Collection entries

────────────────

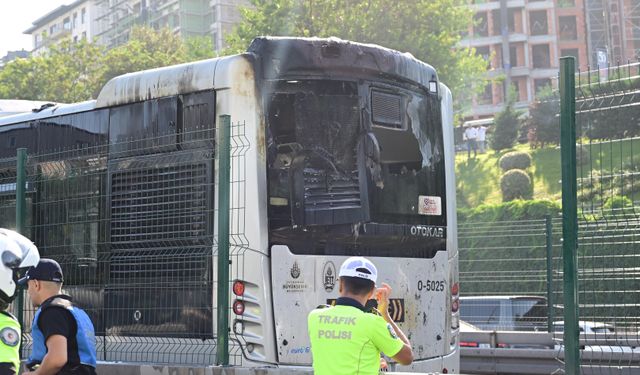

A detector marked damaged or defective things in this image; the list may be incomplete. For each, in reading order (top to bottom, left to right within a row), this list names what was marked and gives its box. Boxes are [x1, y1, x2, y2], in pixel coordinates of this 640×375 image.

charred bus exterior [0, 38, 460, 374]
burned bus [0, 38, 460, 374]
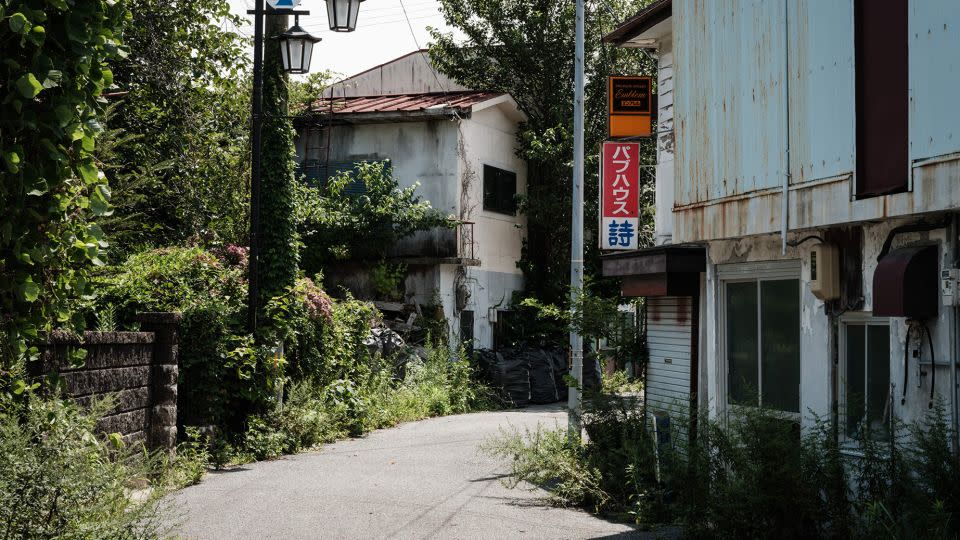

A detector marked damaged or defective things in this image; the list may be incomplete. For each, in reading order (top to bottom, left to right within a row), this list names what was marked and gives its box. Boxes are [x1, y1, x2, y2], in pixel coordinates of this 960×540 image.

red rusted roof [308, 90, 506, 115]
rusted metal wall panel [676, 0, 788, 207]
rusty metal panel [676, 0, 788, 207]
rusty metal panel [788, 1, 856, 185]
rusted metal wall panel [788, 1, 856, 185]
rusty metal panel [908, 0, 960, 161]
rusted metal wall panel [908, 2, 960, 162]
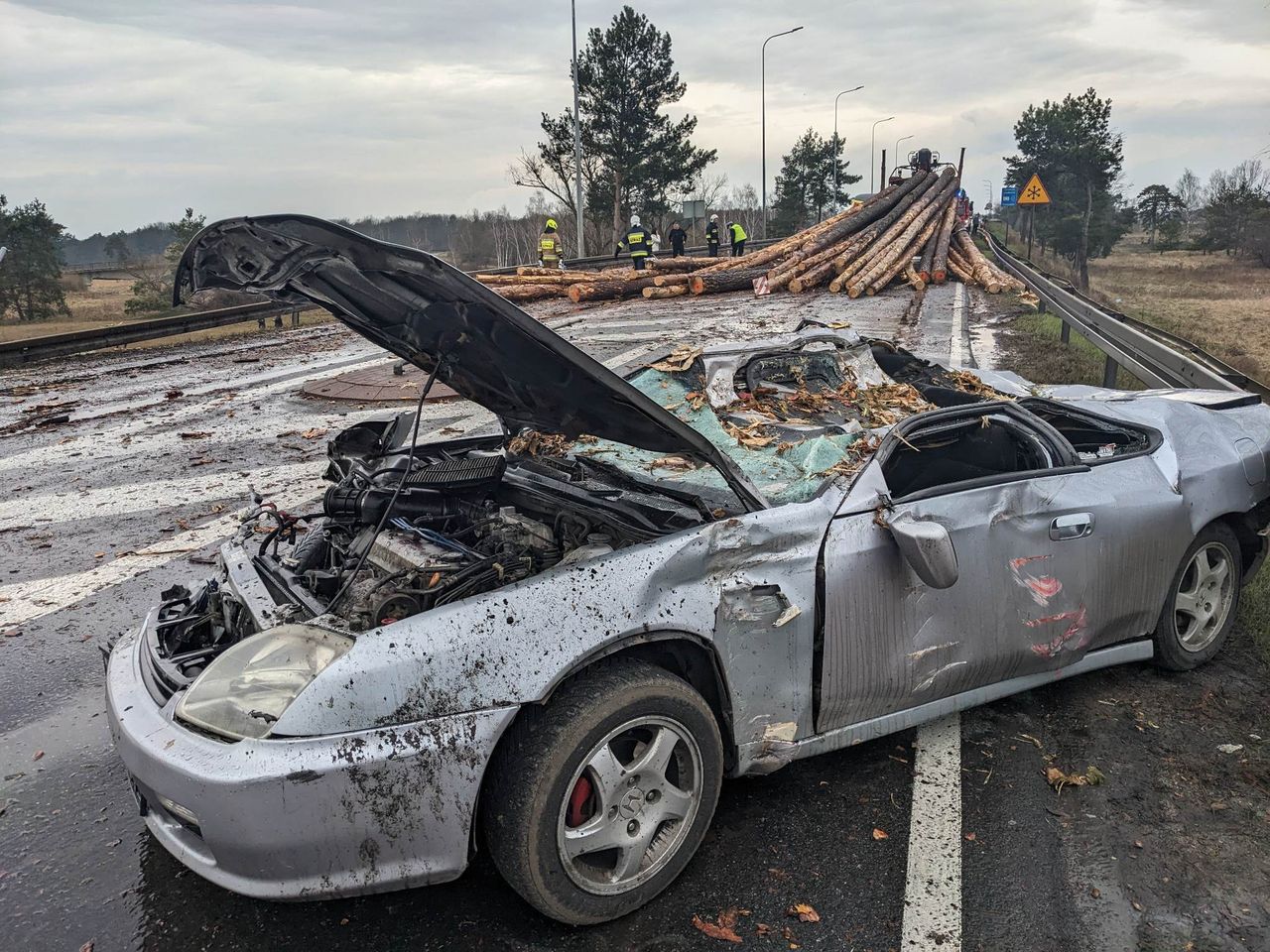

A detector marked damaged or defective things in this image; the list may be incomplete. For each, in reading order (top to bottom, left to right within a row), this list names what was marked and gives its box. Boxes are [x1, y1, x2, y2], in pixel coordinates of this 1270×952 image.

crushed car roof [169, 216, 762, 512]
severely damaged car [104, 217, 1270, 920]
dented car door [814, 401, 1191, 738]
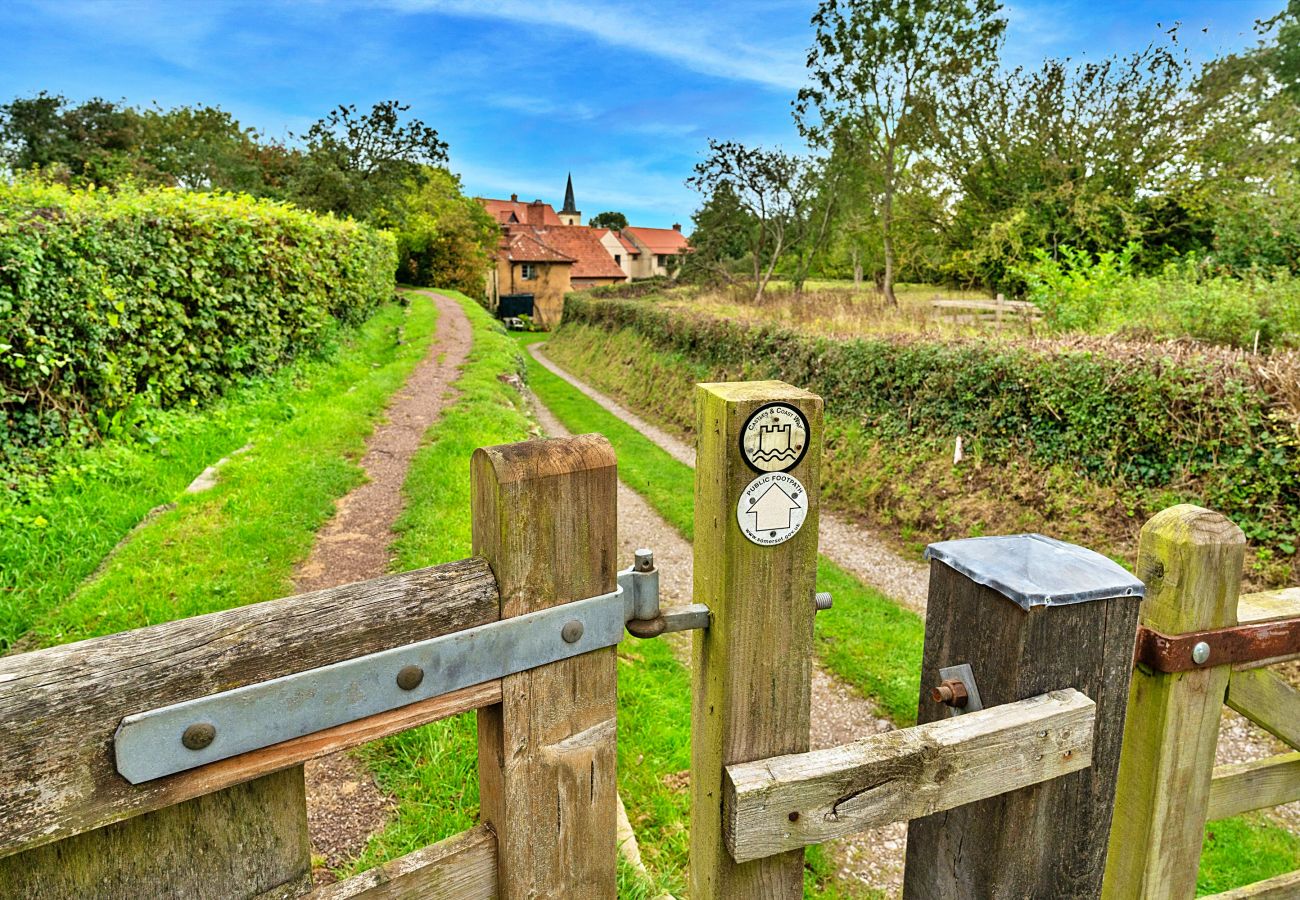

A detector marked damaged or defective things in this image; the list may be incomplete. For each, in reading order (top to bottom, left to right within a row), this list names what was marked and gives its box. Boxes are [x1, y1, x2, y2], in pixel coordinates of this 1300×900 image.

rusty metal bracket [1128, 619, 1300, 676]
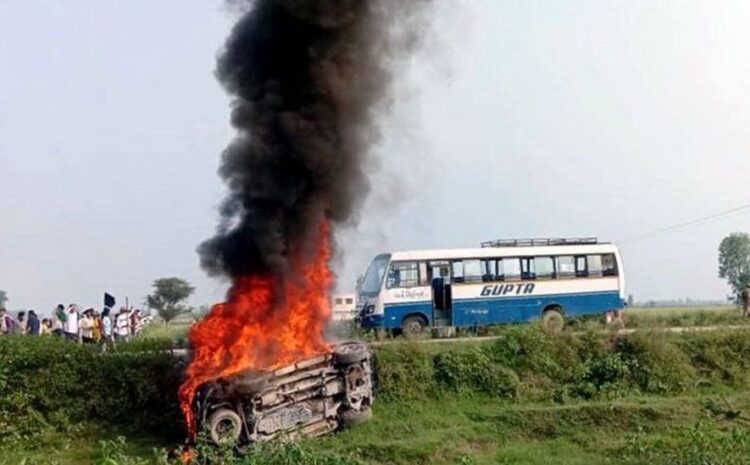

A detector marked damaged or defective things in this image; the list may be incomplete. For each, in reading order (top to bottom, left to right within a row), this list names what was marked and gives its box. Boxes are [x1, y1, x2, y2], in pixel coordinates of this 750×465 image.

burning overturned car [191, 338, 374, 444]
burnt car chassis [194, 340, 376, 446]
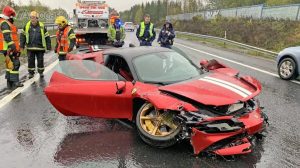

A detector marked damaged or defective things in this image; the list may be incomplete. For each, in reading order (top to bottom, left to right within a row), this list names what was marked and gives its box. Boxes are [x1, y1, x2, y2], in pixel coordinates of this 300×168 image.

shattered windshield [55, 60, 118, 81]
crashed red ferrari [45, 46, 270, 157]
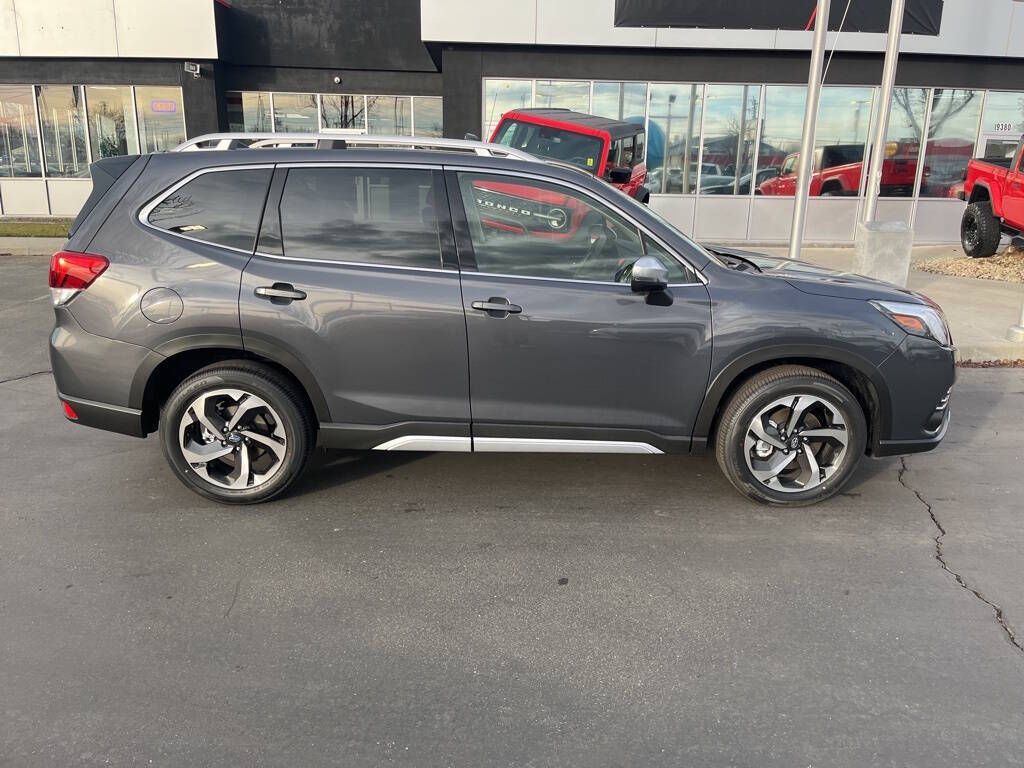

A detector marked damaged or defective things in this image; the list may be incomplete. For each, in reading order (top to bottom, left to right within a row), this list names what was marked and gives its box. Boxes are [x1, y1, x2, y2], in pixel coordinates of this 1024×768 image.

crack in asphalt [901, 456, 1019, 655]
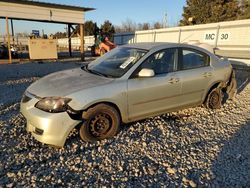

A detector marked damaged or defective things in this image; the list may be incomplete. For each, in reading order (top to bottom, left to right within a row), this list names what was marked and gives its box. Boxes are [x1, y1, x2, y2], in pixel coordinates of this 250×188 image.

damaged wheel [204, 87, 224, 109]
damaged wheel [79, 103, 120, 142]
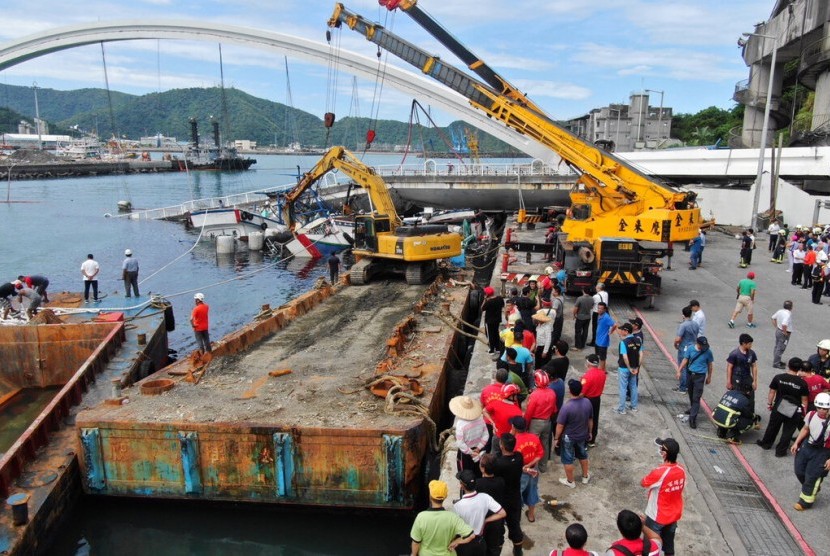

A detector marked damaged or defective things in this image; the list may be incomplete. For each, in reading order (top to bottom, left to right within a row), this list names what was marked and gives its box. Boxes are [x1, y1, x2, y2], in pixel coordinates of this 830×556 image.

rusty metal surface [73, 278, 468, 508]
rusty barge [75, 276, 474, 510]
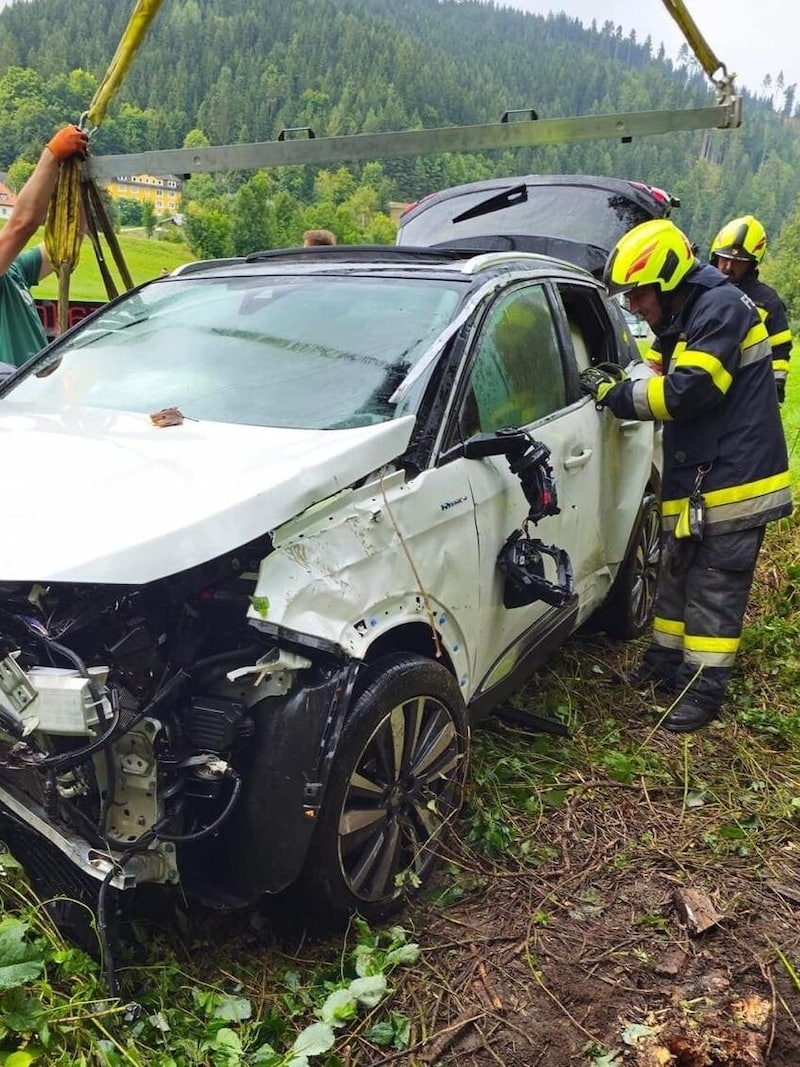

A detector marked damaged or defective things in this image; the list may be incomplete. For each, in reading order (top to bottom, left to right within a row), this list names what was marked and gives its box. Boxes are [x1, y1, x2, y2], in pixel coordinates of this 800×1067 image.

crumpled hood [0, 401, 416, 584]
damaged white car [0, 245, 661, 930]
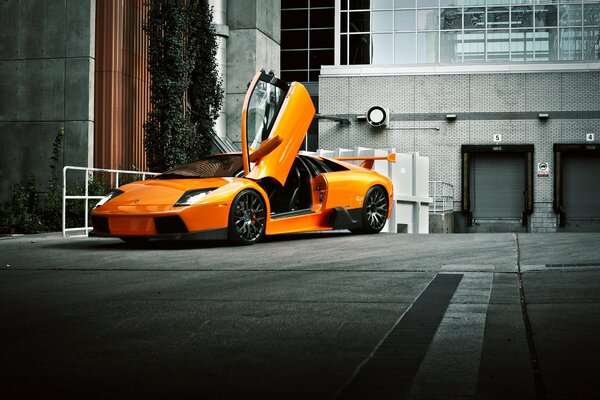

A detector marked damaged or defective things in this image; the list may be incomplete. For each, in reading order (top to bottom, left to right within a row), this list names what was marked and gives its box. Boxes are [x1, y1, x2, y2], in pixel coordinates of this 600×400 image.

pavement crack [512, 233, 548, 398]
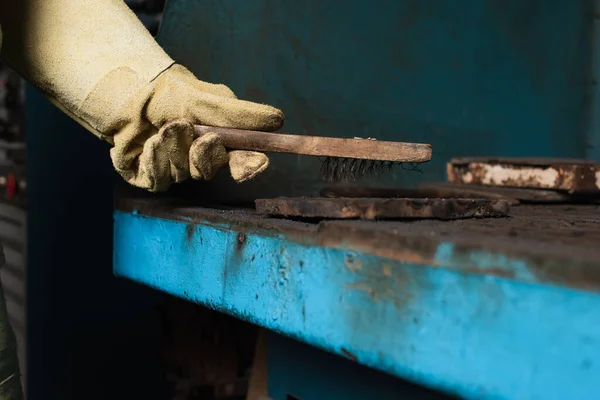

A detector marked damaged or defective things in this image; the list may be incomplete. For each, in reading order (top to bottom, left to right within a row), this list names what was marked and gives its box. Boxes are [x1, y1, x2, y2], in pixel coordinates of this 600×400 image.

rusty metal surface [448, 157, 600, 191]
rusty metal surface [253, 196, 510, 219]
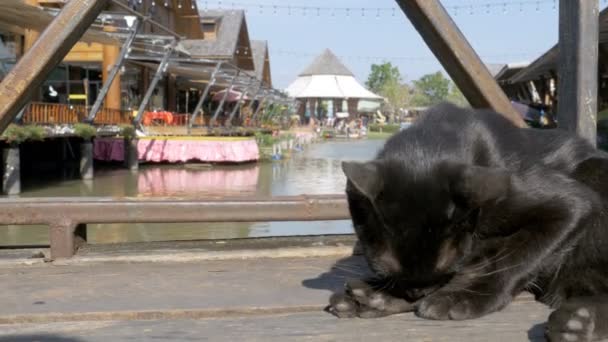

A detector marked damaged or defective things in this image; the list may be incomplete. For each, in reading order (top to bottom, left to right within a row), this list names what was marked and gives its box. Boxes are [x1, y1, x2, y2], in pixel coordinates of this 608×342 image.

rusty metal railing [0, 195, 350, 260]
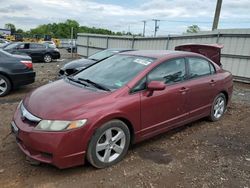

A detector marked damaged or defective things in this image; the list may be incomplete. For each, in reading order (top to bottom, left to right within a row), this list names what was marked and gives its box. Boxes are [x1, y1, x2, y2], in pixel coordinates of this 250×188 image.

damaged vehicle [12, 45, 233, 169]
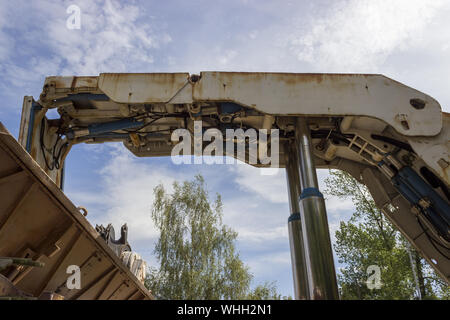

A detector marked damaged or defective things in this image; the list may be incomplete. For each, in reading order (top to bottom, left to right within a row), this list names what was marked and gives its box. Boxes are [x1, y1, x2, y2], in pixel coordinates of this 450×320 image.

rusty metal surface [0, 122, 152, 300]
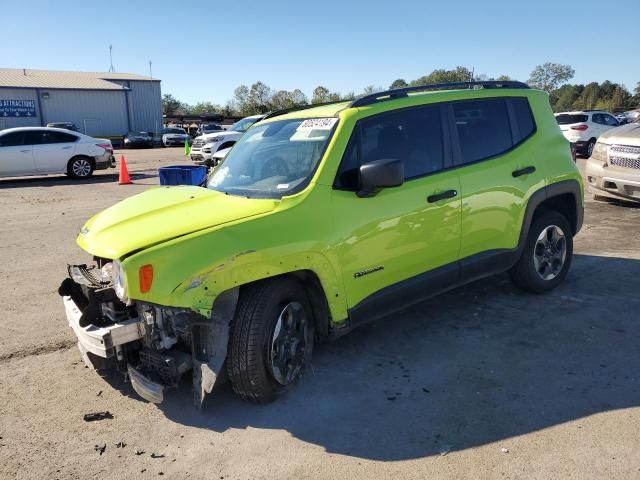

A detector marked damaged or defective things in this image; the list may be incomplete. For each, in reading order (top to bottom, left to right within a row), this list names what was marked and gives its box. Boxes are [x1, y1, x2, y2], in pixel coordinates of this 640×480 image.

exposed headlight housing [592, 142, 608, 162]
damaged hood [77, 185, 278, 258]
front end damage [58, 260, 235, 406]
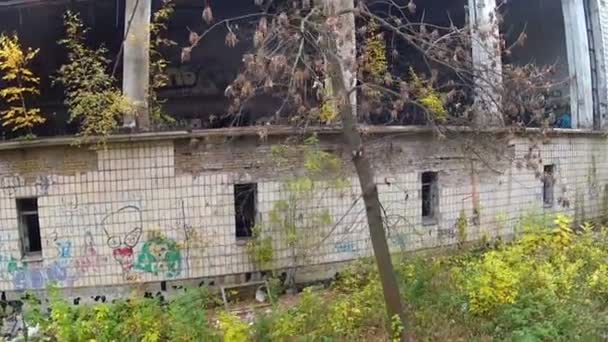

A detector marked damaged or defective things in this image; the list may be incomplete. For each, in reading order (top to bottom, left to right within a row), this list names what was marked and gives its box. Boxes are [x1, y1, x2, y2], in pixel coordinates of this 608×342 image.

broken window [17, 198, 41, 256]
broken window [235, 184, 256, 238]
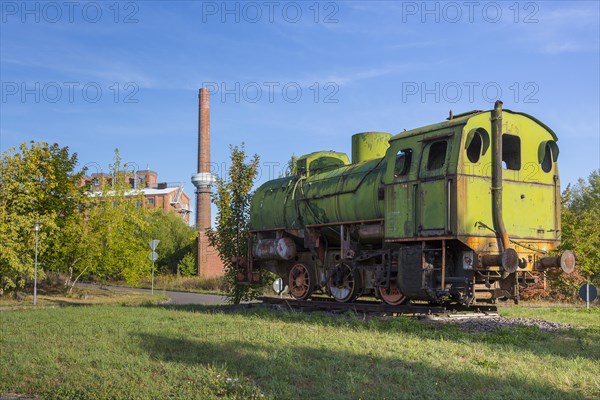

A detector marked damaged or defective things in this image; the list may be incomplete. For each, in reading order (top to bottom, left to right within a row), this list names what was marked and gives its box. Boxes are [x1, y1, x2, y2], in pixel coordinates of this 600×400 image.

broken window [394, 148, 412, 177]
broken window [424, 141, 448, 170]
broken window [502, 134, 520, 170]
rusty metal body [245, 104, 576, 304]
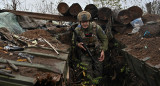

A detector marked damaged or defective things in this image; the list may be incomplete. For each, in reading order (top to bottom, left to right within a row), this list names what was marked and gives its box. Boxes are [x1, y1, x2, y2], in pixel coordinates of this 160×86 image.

────────────────

_What you have to do_
Retype, exactly and only, the lines from the one containing "this 450×320 image." through the end of the entries, both ends included, and omit all pictures.

_Response to the task_
A detector marked damaged or defective things in this image; the list may be incomplete. For each, in reading order (top to bottom, left to right within a row), this list names what was marked and gives its box. Boxes are [x1, y1, x2, y2], in pixel coordinates of this 450×320 image.

rusty metal surface [0, 122, 152, 300]

A detector marked damaged or defective things in this image; the list may be incomplete. For each, in reading order (top to bottom, left to right within a row), this list names what was marked and gives its box. Boxes are [x1, y1, x2, y2], in pixel coordinates of this 640×480 image.

exposed headlight housing [592, 142, 608, 162]
damaged hood [77, 185, 278, 258]
front end damage [58, 260, 235, 406]

A detector marked damaged or defective things in this image; the list may be incomplete. For each, in reading order (top to bottom, left to right within a row), this list names what was marked and gives its box. Boxes are [x1, y1, x2, y2], in pixel coordinates of this 608×342 image.

broken window [17, 198, 41, 256]
broken window [235, 184, 256, 238]

A detector marked damaged or defective things in this image; the list may be incomplete. For each, in reading order (top to bottom, left to right within a row), this list names what was marked and gives its box. Boxes are [x1, y1, x2, y2], in pixel coordinates of this 600×400 image.

broken window [394, 148, 412, 177]
broken window [424, 141, 448, 170]
broken window [502, 134, 520, 170]
rusty metal body [245, 104, 576, 304]

A detector marked damaged or defective things in this image; the list may be incomplete. For each, in reading order (top to bottom, left to right within a row), this list names what was marked and gives its box. Boxes are [x1, y1, x2, y2], in pixel coordinates of this 160×86 image.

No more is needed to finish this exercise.